A lab demo showing...

- 1. A working implementation of a single cycle pipelined CPU design that meets the specified requirements.
- 2. The complete specified C program compiled into machine code for your machine.
- 3. The complete set of instructions for the specified program, entered into the instruction memory for your machine.
- 4. The full set of data for the specified program entered into the data memory for your machine.
- 5. Once the complete set of instructions and data are entered into the appropriate memories on your CPU, the ability start executing your program on your CPU and have it run to completion.
- 6. At a minimum, you should be able to show, using Signal Tap, the full instruction cycle for the execution of the specified program, including the values of all variables both during and after execution.

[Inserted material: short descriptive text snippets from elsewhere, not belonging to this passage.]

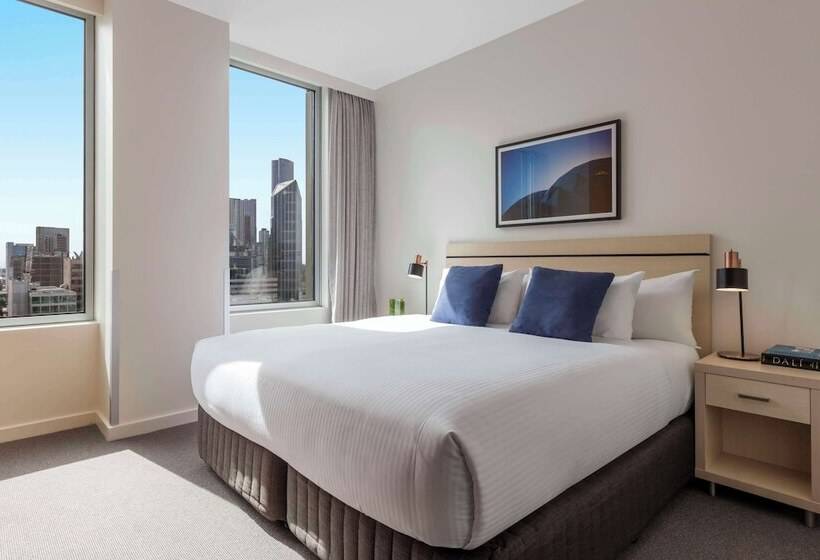 스탠다드 스튜디오, Oaks Melbourne On Market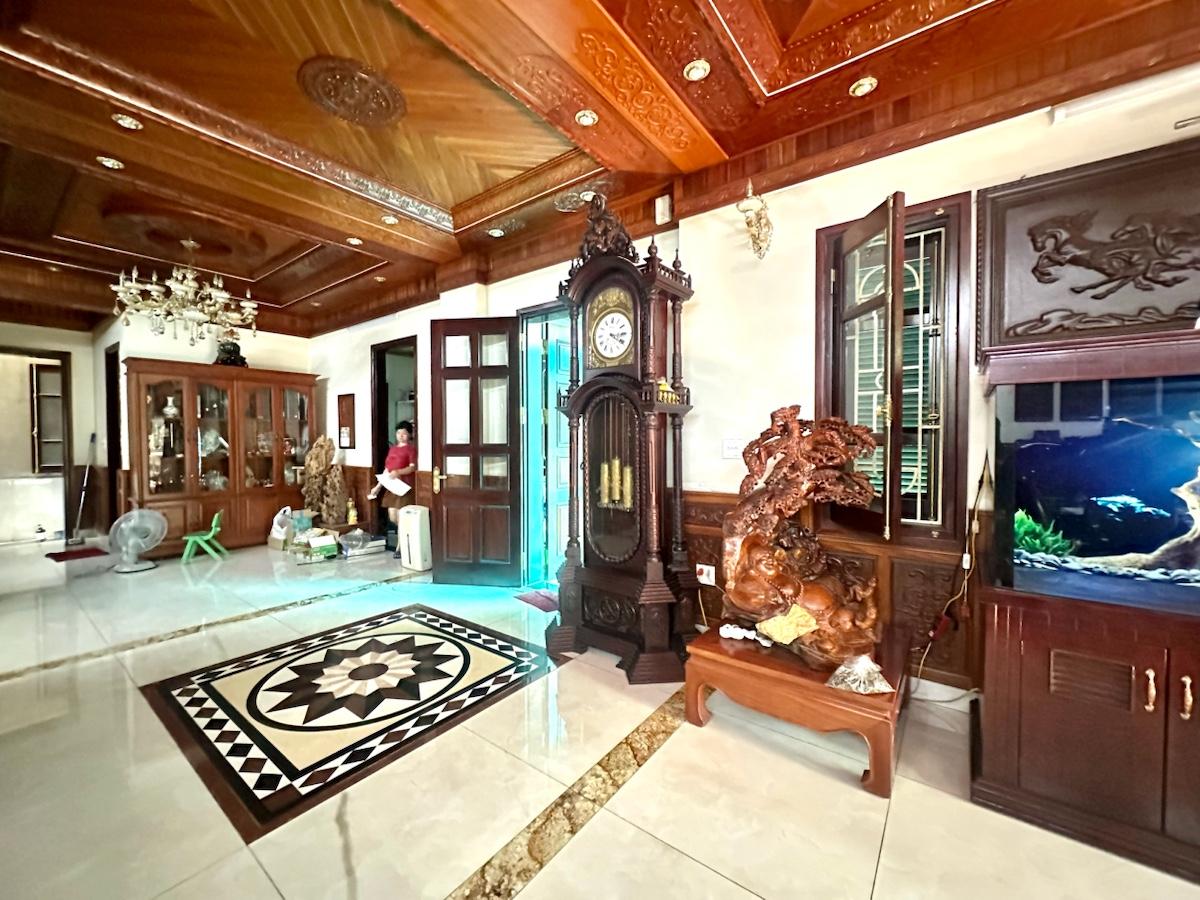 Giảm 15 Tỷ, Biệt Thự View Vườn Hoa. KĐT Linh Đàm. 200m 4T MT 10m Giá 65 Tỷ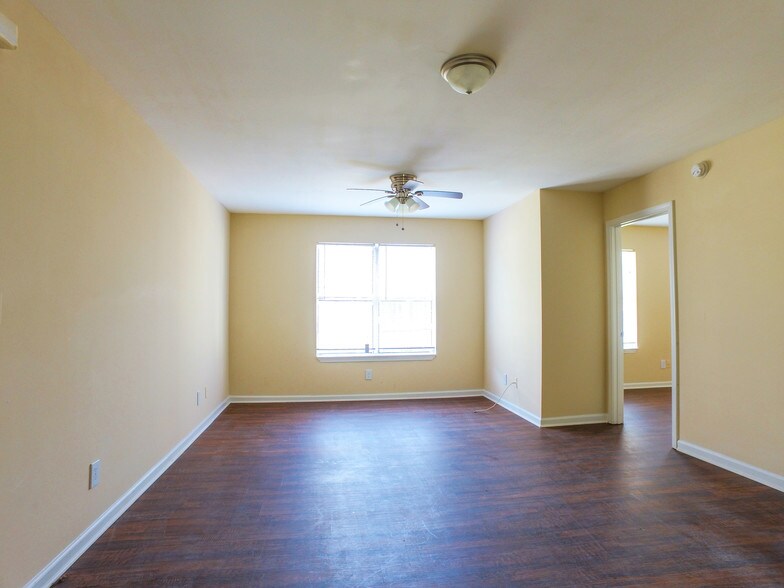 More Photos Of 8373 Thomas Rd, Jonesboro Apartments For Sale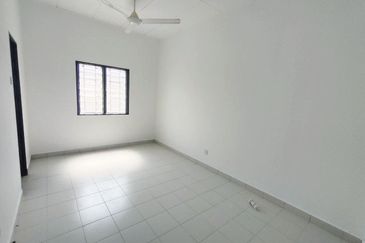 Kota Puteri, Batu Arang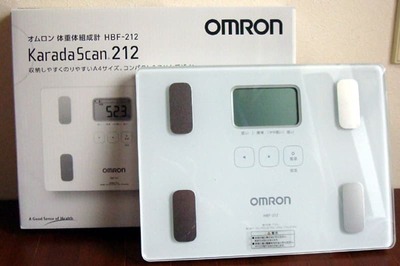 OMRON(オムロン)  体重計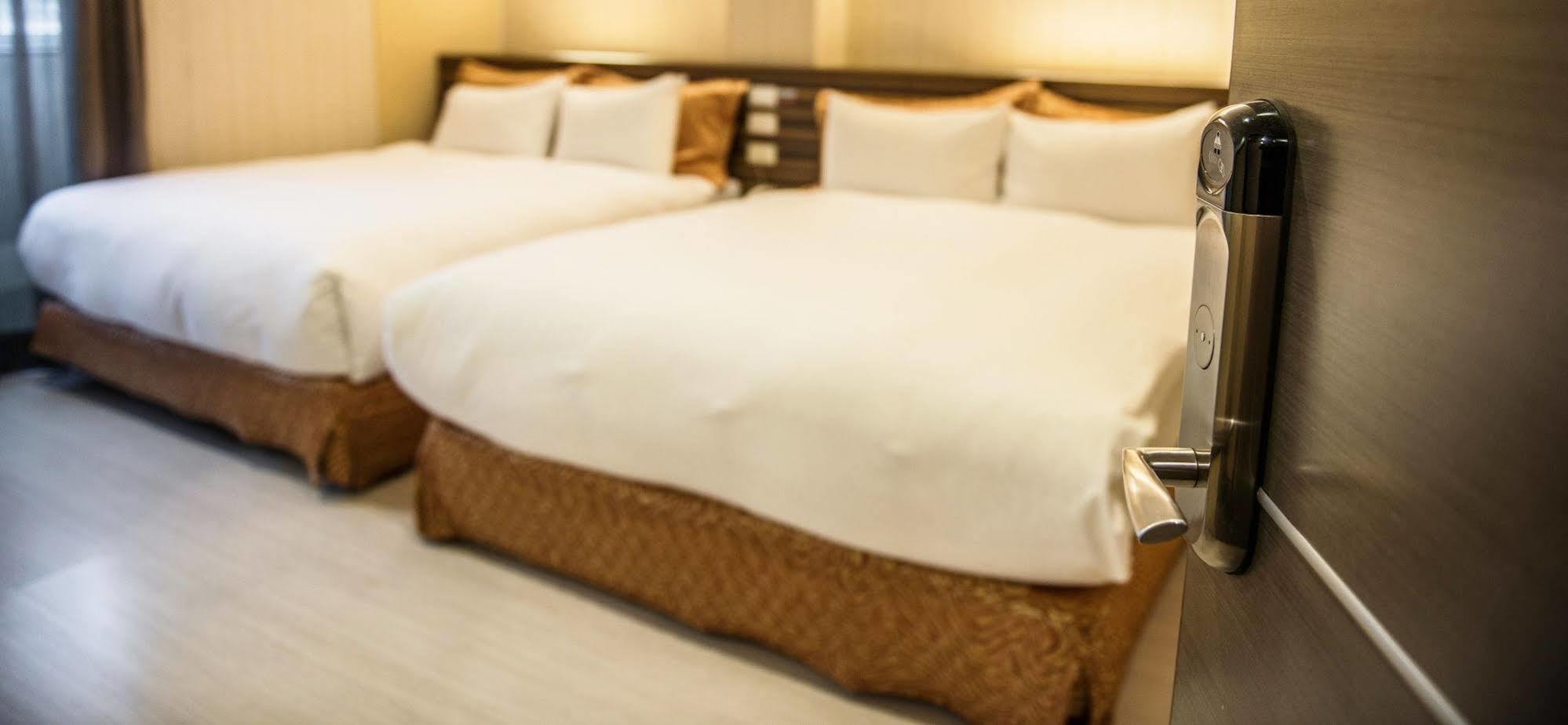 Wecan Hotel เกาสง ภายนอก รูปภาพ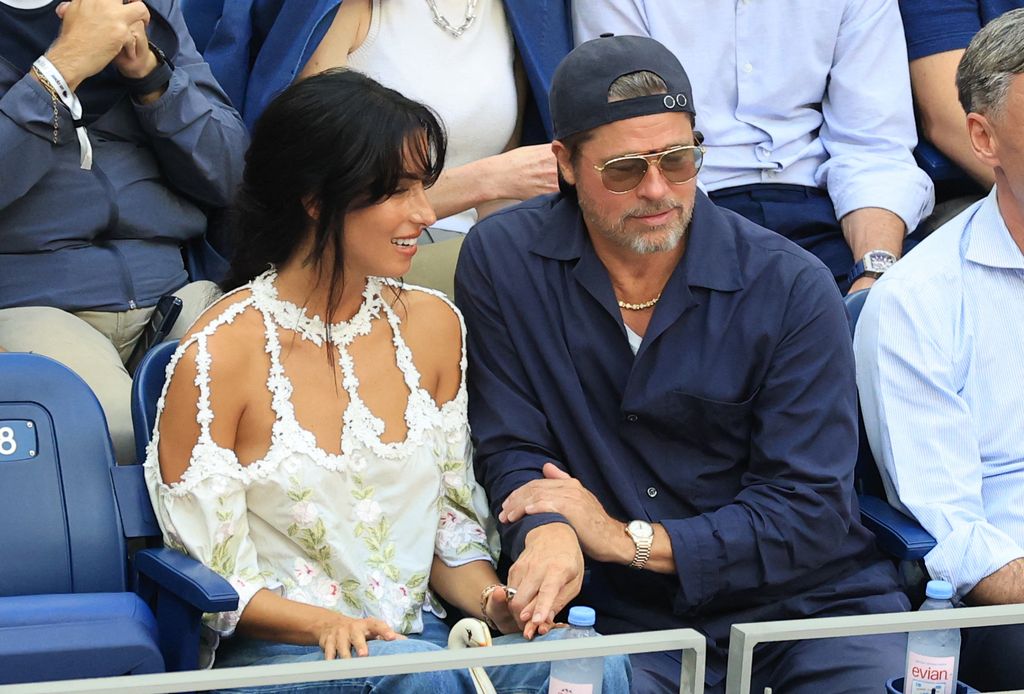 Brad Pitt e Inés de Ramón, cogidos de la mano durante el partido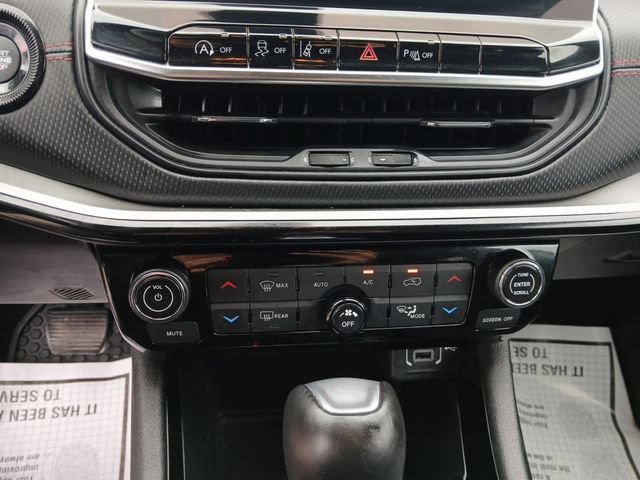 Used 2025 Jeep Compass Trailhawk AWD/4WD image 17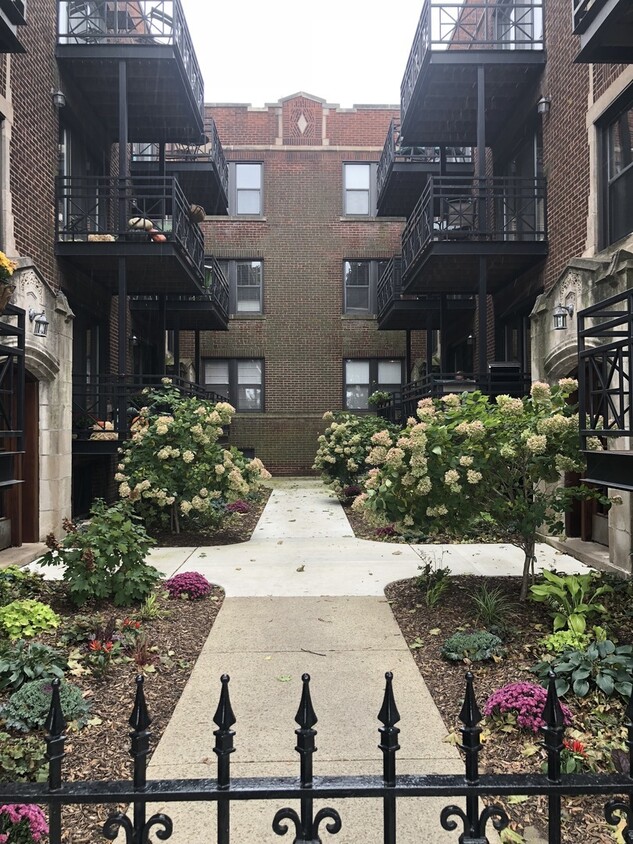 Foto principal - 1155 W Grace St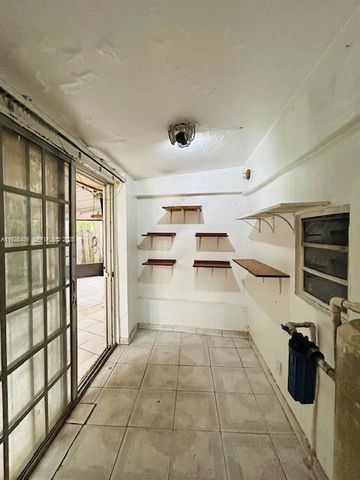 1060 Oriental Blvd, Opa-locka, FL 33054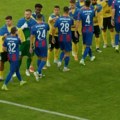 Ukrajinci kao da su krenuli na front: Ogrnuti zastavama, odbili da se rukuju sa igračima Partizana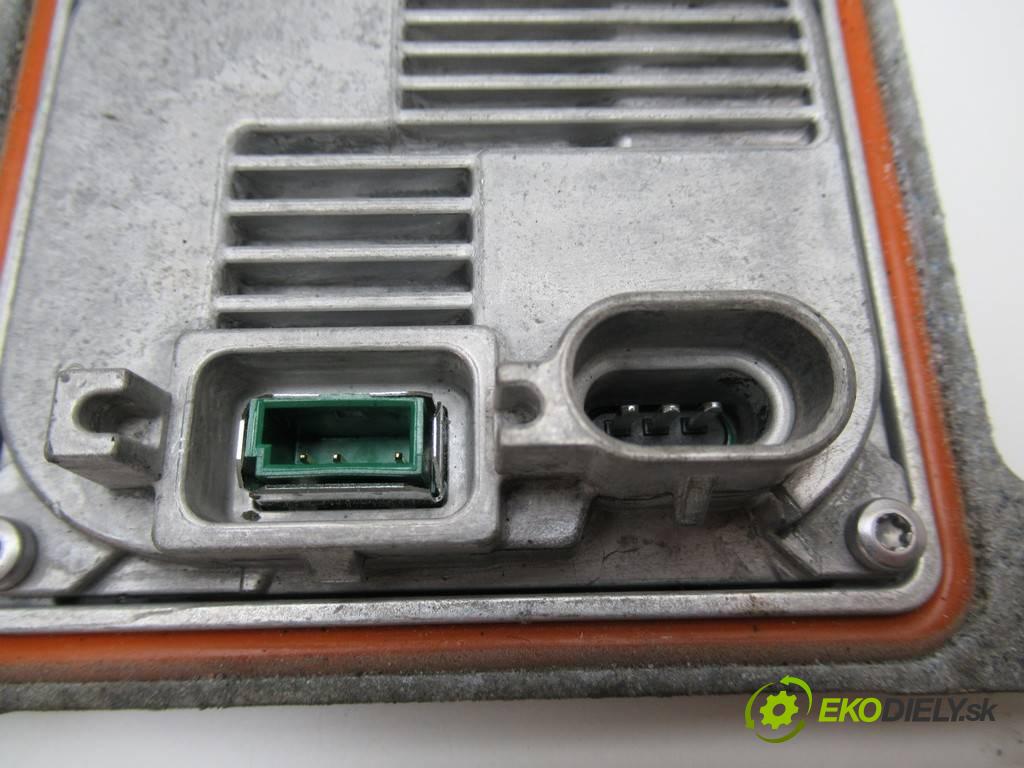 Jaguar XF X250    LIFT SEDAN 4D 3.0B 340KM 07-15  Menič XENON 10R-034663 (Riadiace jednotky xenónu)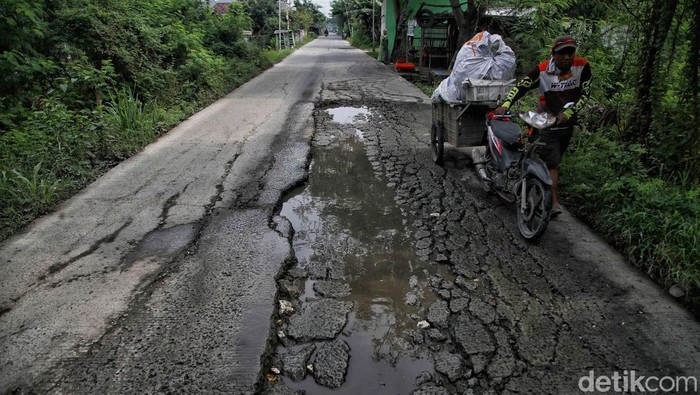 Sejumlah kendaraan melintas di Jalan Raya Pasar Babelan, Desa Kedung Pengawasa, Babelan, Kabupaten Bekasi, Senin (8/5/2023).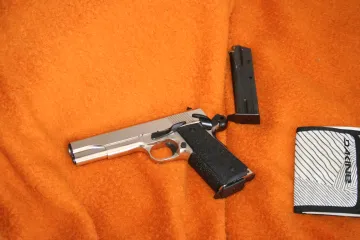 Kradl, aby měl na drogy. Za ozbrojenou loupež muži hrozí až deset let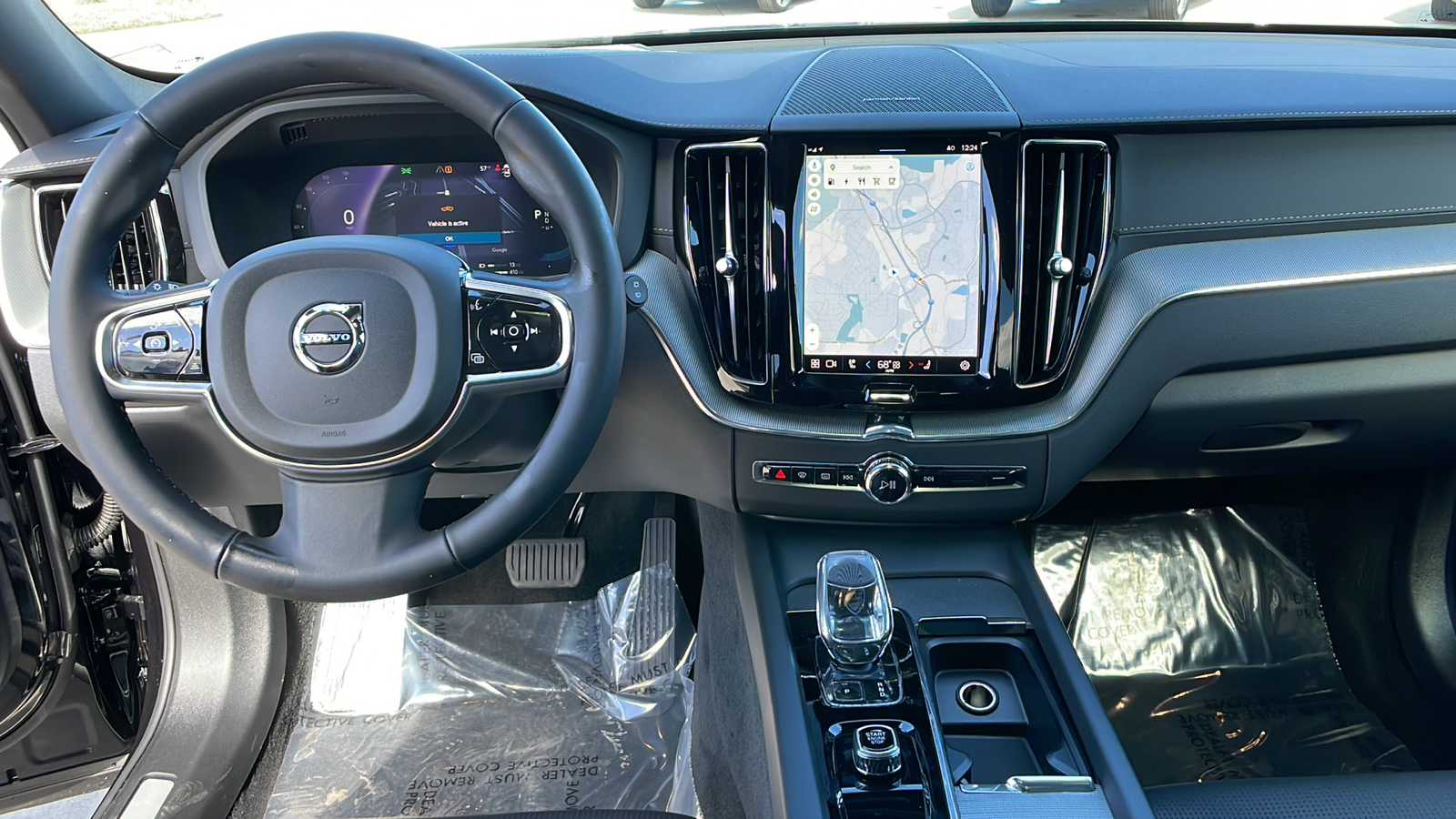 2024 Volvo XC60 Recharge Plug-In Hybrid Ultimate Black Edition 21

## A lab report containing

- 1. The report must cover the design of the single cycle CPU from Project 4 and the pipelined CPU from Project 5.
- 2. The annotated Verilog and C source code for all applications / designs both on the DE1-SoC board and on the PC.
- 3. The annotated assembler and machine code for the code fragment.
- 4. Representative screen shots showing the results of testing the various designs from iVerilog or your favourite tool.
- 5. Representative screen shots showing the Signal Tap logic analyzer outputs for the various designs.
- 6. Discussion and comparison of the performance of the single cycle architecture from Project 4 with the pipelined version from Project 5.
- 7. Answers to any questions above.
- 8. Other things that you deem to be important.
- 9. Anything that we haven't thought of.